Supplied material

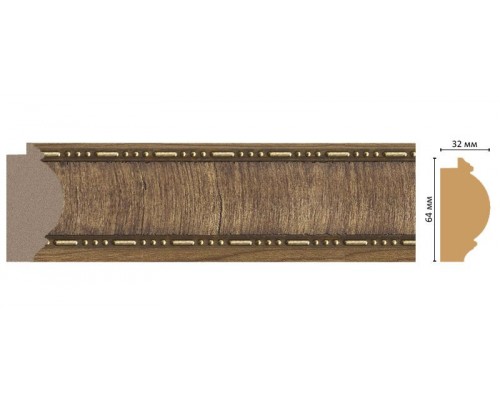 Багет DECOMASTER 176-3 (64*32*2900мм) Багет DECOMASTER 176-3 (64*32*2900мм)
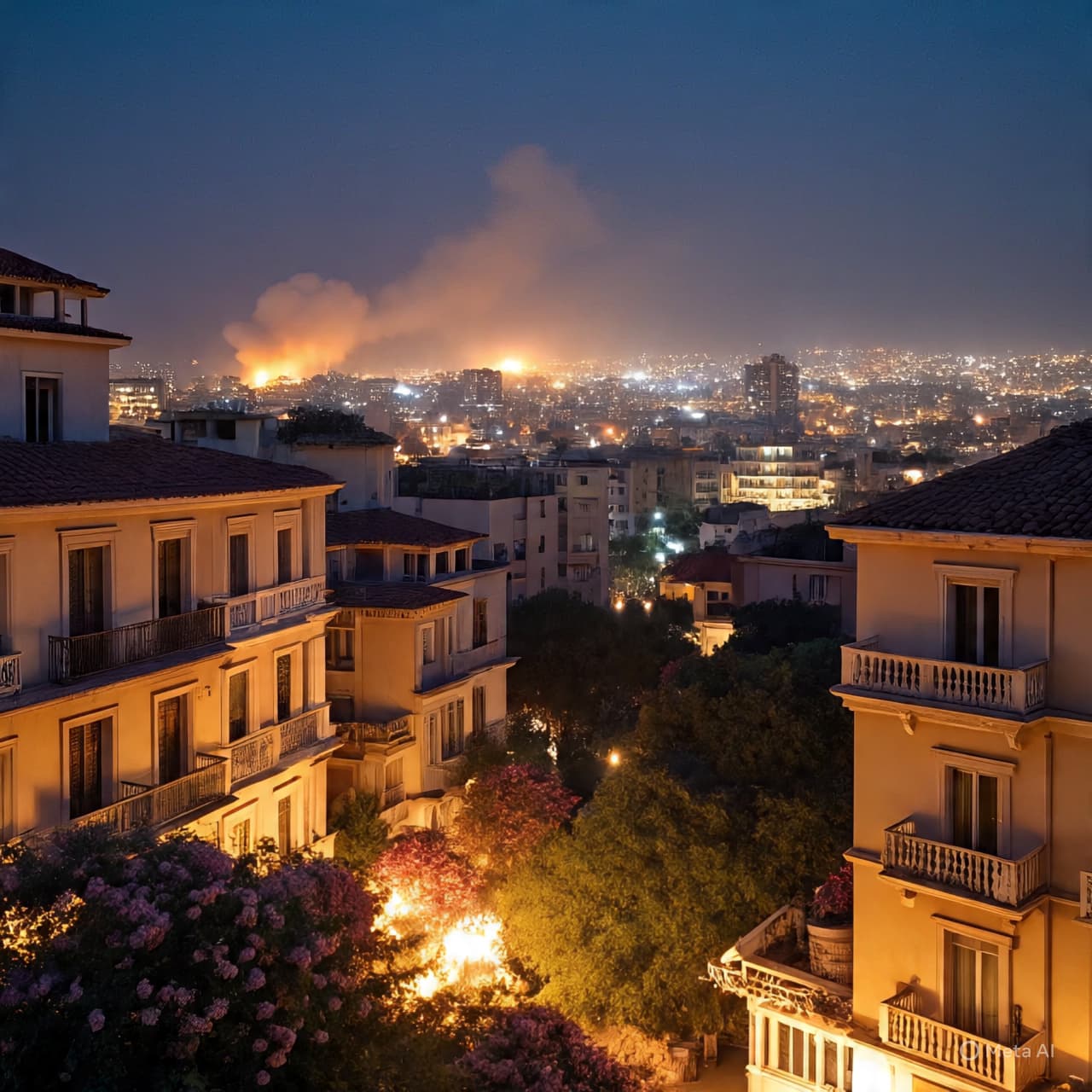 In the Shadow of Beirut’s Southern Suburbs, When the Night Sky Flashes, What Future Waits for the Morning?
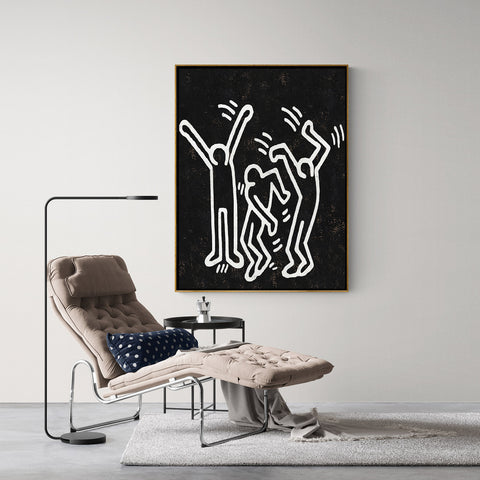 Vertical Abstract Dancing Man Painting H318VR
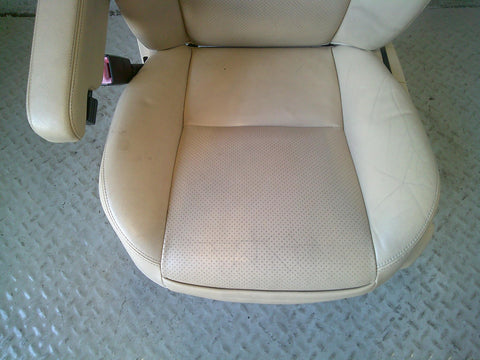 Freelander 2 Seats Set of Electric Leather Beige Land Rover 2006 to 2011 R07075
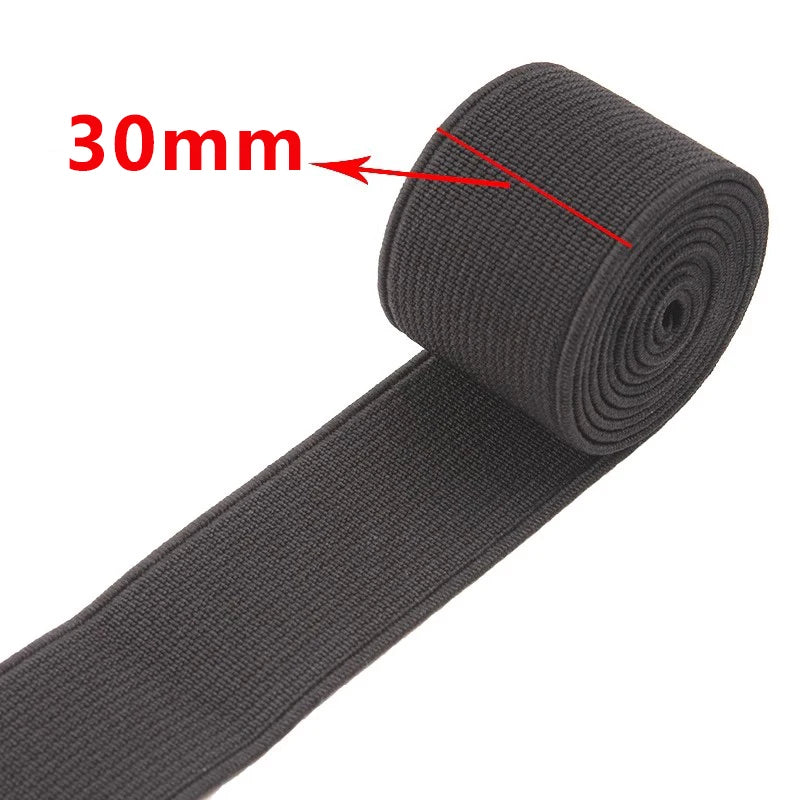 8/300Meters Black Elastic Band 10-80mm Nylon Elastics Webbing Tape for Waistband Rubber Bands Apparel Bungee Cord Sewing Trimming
--
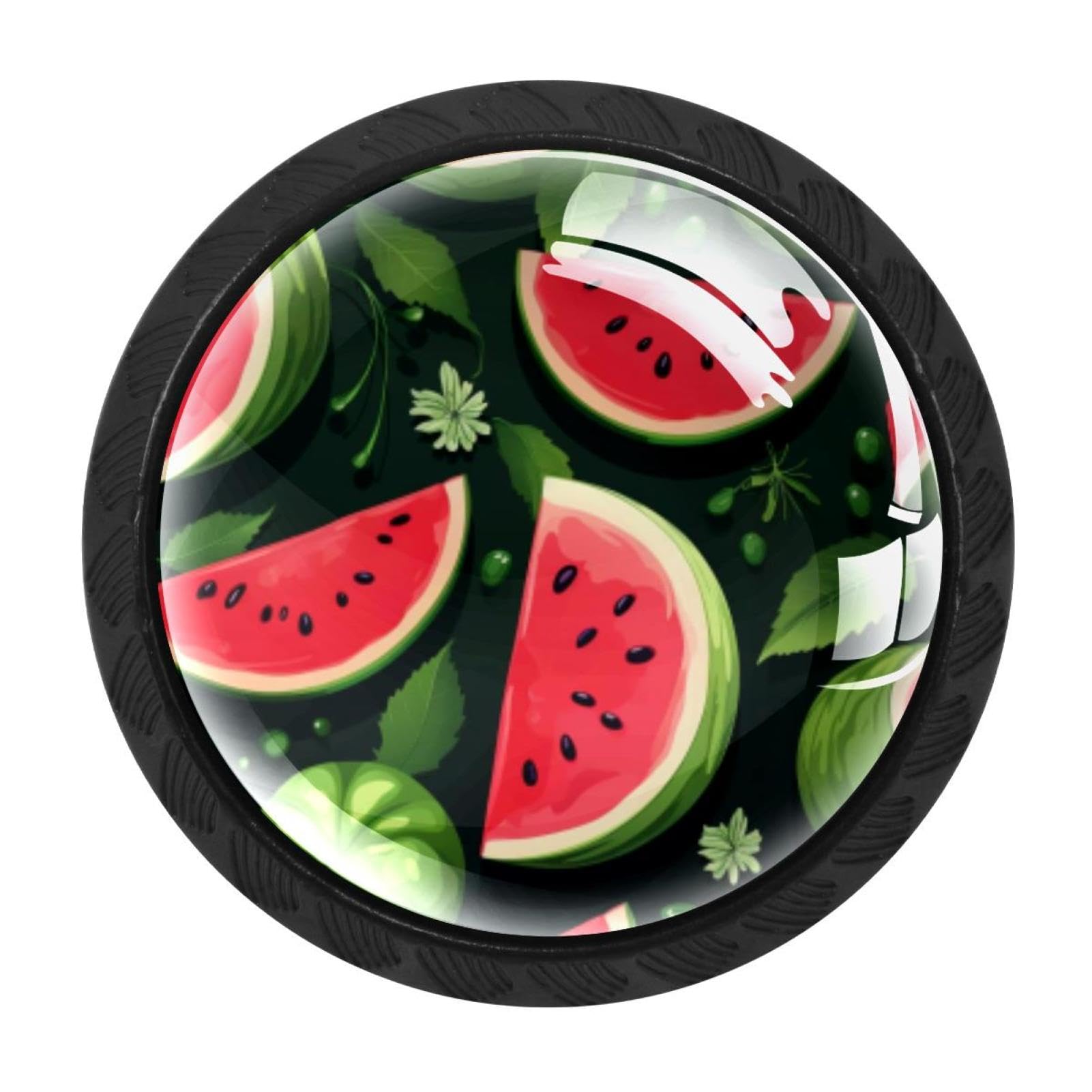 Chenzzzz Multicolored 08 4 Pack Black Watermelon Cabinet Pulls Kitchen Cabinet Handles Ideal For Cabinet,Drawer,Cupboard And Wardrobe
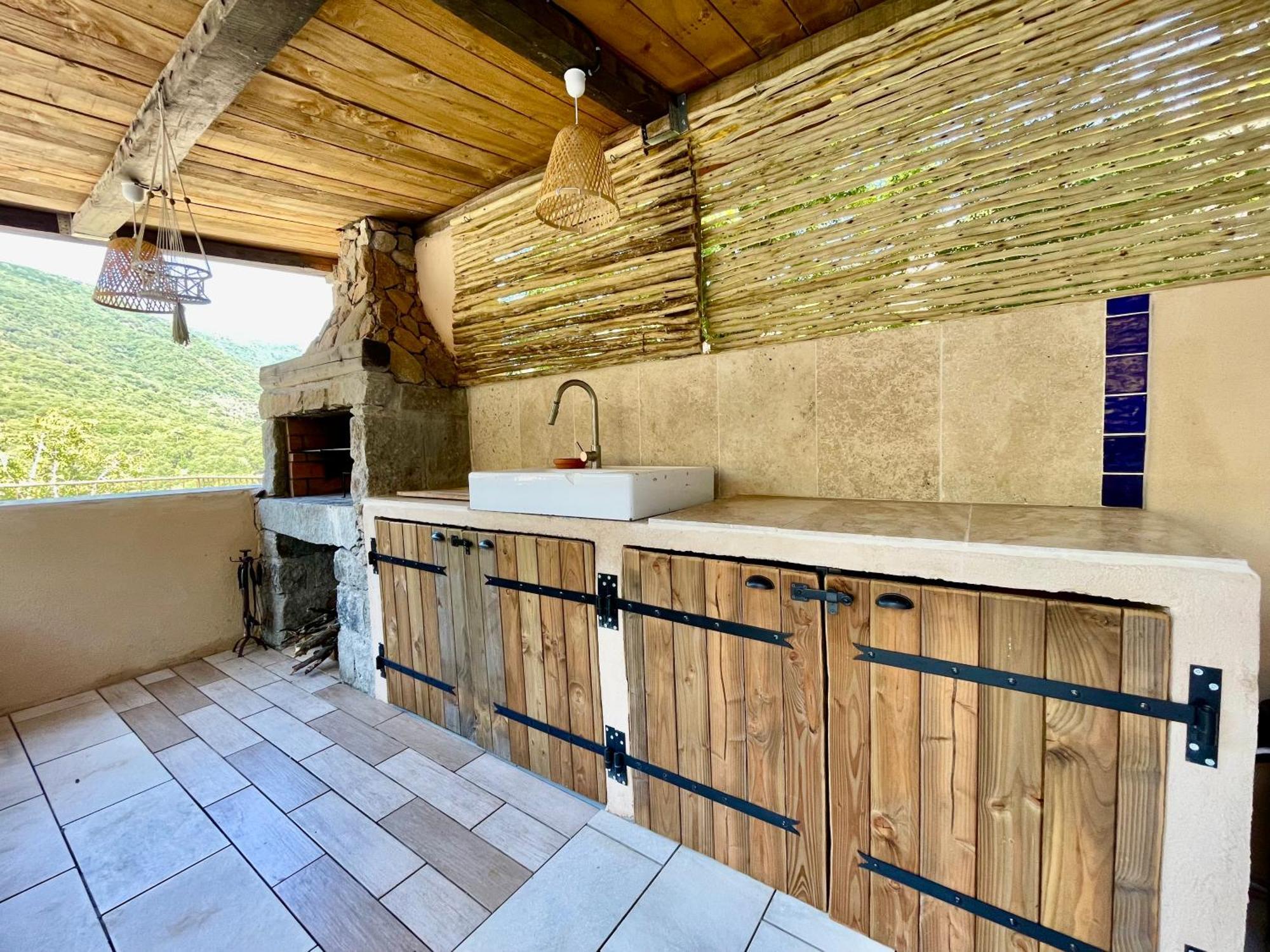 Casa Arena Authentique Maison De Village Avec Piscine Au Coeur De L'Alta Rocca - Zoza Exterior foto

Required work
A clean copy is needed of the lines above from the one with "Chenzzzz Multicolored 08" up to and including the one with "Casa Arena Authentique". Please set it down exactly, with no pictures.

Solution to this task
 Chenzzzz Multicolored 08 4 Pack Black Watermelon Cabinet Pulls Kitchen Cabinet Handles Ideal For Cabinet,Drawer,Cupboard And Wardrobe
 Casa Arena Authentique Maison De Village Avec Piscine Au Coeur De L'Alta Rocca - Zoza Exterior foto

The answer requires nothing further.